Great job ! It’s really creative. I especially like the fonts used, I’m not sure what they’re called but I associate them with the ones used in SpongeBob. It’s funny how a font can evoke a memory like that.

Jonathan Hendry
Jonathan Hendry
15 hours ago

That dragon is actually pretending to be Journey’s Jonathan Cain playing air keyboard in the Separate Ways video.

Gene1969
Gene1969
5 hours ago

That’s so meta considering that Journey had their own video game.

Bleeder
Bleeder
15 hours ago

Love it!
Introduce some worms! They’re a critical part of the ecosystem and would look great up against the glass.

Jonathan Hendry
Jonathan Hendry
15 hours ago
Reply to  Bleeder

Or some mealworms. They’ll go through the hole worm-pupa-beetle-egg lifecycle.

Bleeder
Bleeder
8 hours ago

Yum!

Gene1969
Gene1969
5 hours ago
Reply to  Bleeder

Fun fact: Ther are few worms in Florida because the soil is so weak and it’s so hot.

Church
Church
15 hours ago

I just have one note here and it says “no notes!”. I love the terrarium as a piece.

What is that dude riding? Is that some kind of griffin? A hawk-bear? And that dragon looks like he should have a piano keyboard under those claw-hands.

Ah. I see you really did stop paying attention to video games after the 1981. You missed out on a lot of great 80’s arcade action.

Jonathan Hendry
Jonathan Hendry
15 hours ago

Very very cool. If you ever do another you could use an old claw game mechanism with a grow lamp suspended instead of a claw. “Which plants are good and deserve more light? Which plants defied your will and deserve punishment?” Might be good for an installation in a Redder part of NC.

Or maybe instead of a grow lamp, use an arrangement of mirrors to direct light onto the area of the player’s choice, moved around by the claw mechanism.

Last edited 15 hours ago by Jonathan Hendry
A. Barth
A. Barth
15 hours ago

I think my favorite part is the exclamation point. The entire cabinet is objectively excellent, of course, but that little piece of punctuation conveys excitement! and puts it over the top. 😀

It’s good to exercise different mental muscles. Most of my days are spent with technology projects, and getting into the shop and futzing around with tools and materials is a welcome gear change.

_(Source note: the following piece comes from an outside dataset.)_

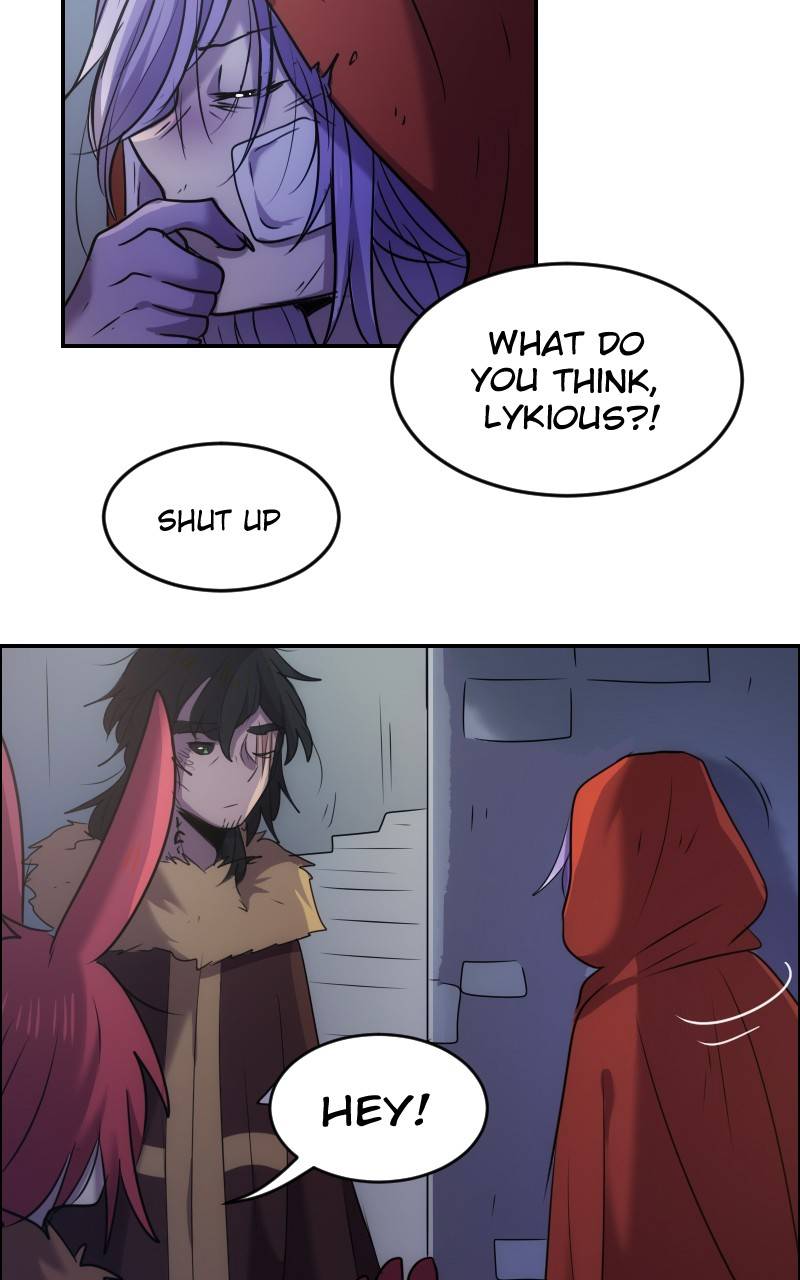 Watermelon - Manhwa Chapter 139 - page 38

At the moment I have a bruised right foot from trying to kickstart a recalcitrant 44-year-old motorcycle and I’m working on a design for an hat.

Twobox Designgineer
Twobox Designgineer
5 hours ago
Reply to  A. Barth

The punctuationis great, very gameshow. Very Jeopardy!.

KYFire
KYFire
15 hours ago

Love it!

Drew
Drew
15 hours ago

That is a fantastic project, and I’m glad you shared it. I really like the initial idea of a joystick-controlled mirror, but I think the grow light solution is good for broader display purposes. I wish I were local to check this out!

Slower Louder
Slower Louder
15 hours ago

Thank you! This creation makes my day!
Also: I have done the math. In our corner of the metaverse, the chance of another artist powering another arcade cabinet rebuild with a car battery? Less than 10 to the minus 29th!
Also also: Peter, Matt, the comment section would be so much better if it supported scientific notation! Please help!

Hautewheels
Hautewheels
15 hours ago

Art and science together in one sweet package – I love it! As a chemist and educator, I’m always happy to see science and art team up to educate and entertain and enhance society.

Detroit Lightning
Detroit Lightning
15 hours ago

This is awesome!

The Bishop's Brother
The Bishop's Brother
15 hours ago

Jason, I don’t think ANYONE here would be bothered by another article detailing the build… Although it’s likely too late for that, since I’m assuming this barely came together in time just creating it, much less documenting each step with photos. I cannot help but think that this feels like a modern work by one of my heroes, The Secret Life of Machines’ Tim Hunkin… https://www.timhunkin.com/
I barely have a DVD player anymore, but I treasure my signed DVDs of his series.

Jonathan Hendry
Jonathan Hendry
15 hours ago

Tim Hunkin who among other things built the flying pigs for Pink Floyd’s Animals tour.

Sam Morse
Sam Morse
14 hours ago

Might want to get a current one while you can.
Software updates block many newer discs from playing on older decks.

Jonathan Hendry
Jonathan Hendry
8 hours ago

If you haven’t seen it, Tim did a series on YouTube in recent years. “The Secret Life of Components” about the various bits he uses to make his contraptions. Features a lot of video of them, including the political art arcade games at his arcades in London.

Josh O
Josh O
16 hours ago

Cool Beans

Flyingstitch
Flyingstitch
16 hours ago

I love this, and I’m glad the cabinet wasn’t sacrificed while still containing Tempest, which was my go-to in the student center basement at college. If you ever have to cheat and replenish the terrarium with some high-quality fake plants, I won’t tell.

Aracan
Aracan
16 hours ago

I love this piece, but if you ask me, the terrarium desperately needs some beetles, such as Eudicella sp.

Box Rocket
Box Rocket
14 hours ago
Reply to  Aracan

It’s usually unwise to introduce bugs into a video game/computer system. But I get where you’re coming from.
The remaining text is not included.